▶ SUPPLIED MATERIAL
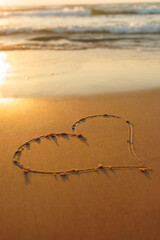 A heart is drawn on the sand on the beach at sunset. Romantic sunset on the beach. Heart shape....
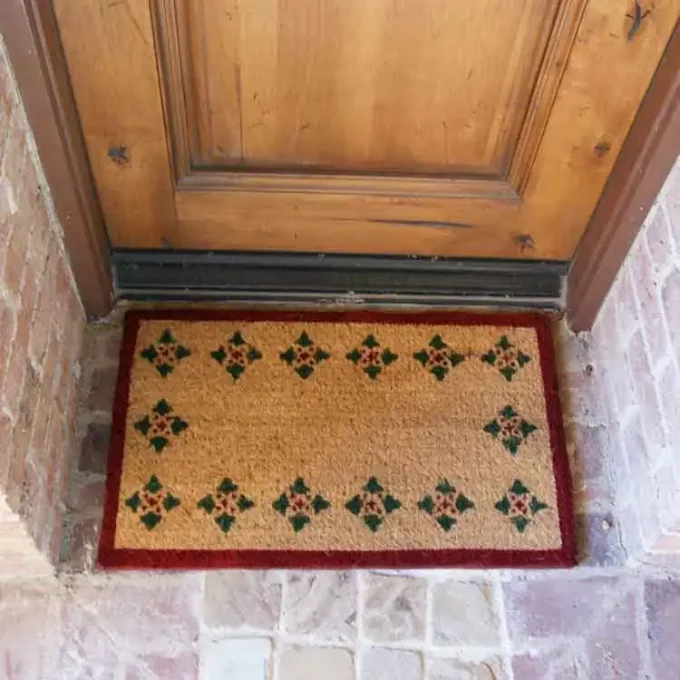 Brown mat with 4 green triangles made in a repeating pattern along its perimeter in front of a door entrance.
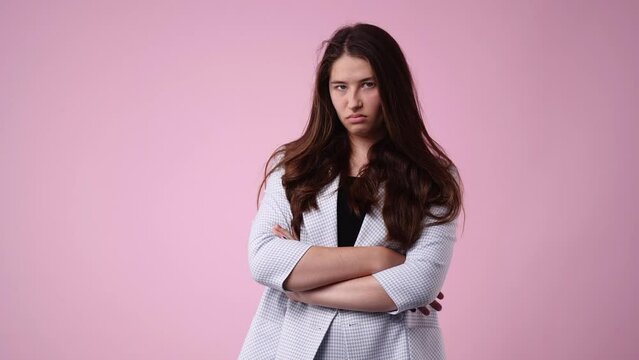 4k video of grumpy woman on pink background.
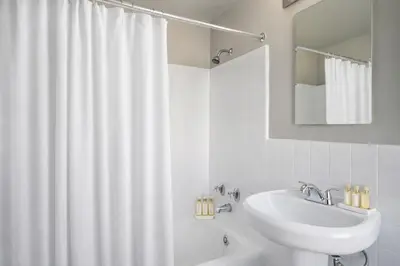a white bathroom with a sink and a shower curtain at Luxury 2 Bedroom 2 Bathroom Residence Great View in Los Angeles
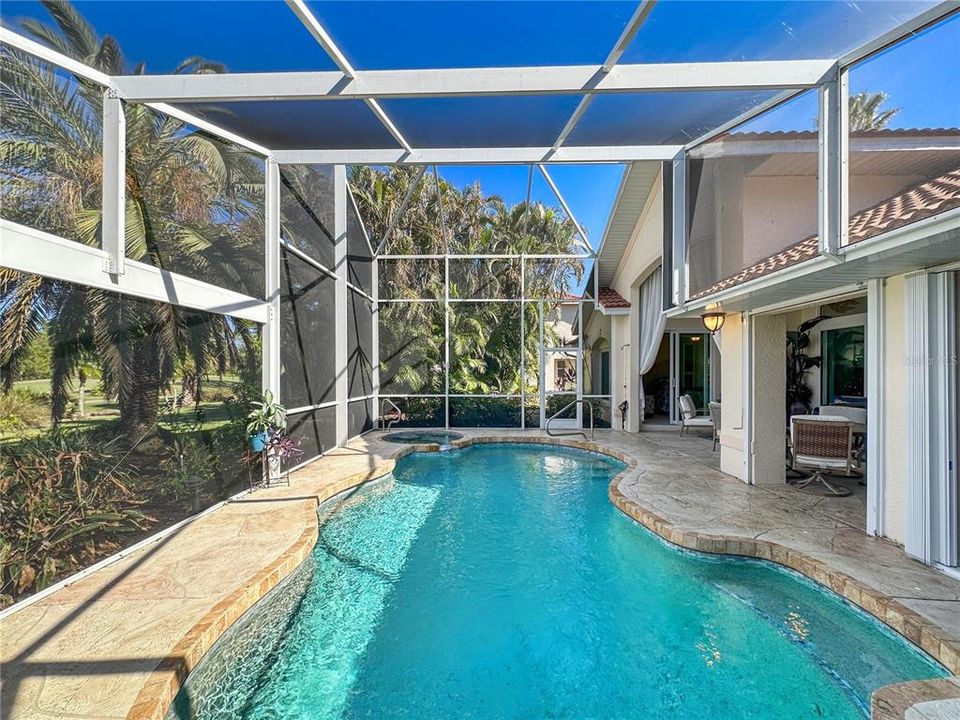 Pool with view of golf course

▶ WHAT THE EXERCISE ASKS
The answer must restate every entry word for word, with the pictures left out.

▶ WORKED SOLUTION
 A heart is drawn on the sand on the beach at sunset. Romantic sunset on the beach. Heart shape....
 Brown mat with 4 green triangles made in a repeating pattern along its perimeter in front of a door entrance.
 4k video of grumpy woman on pink background.
a white bathroom with a sink and a shower curtain at Luxury 2 Bedroom 2 Bathroom Residence Great View in Los Angeles
 Pool with view of golf course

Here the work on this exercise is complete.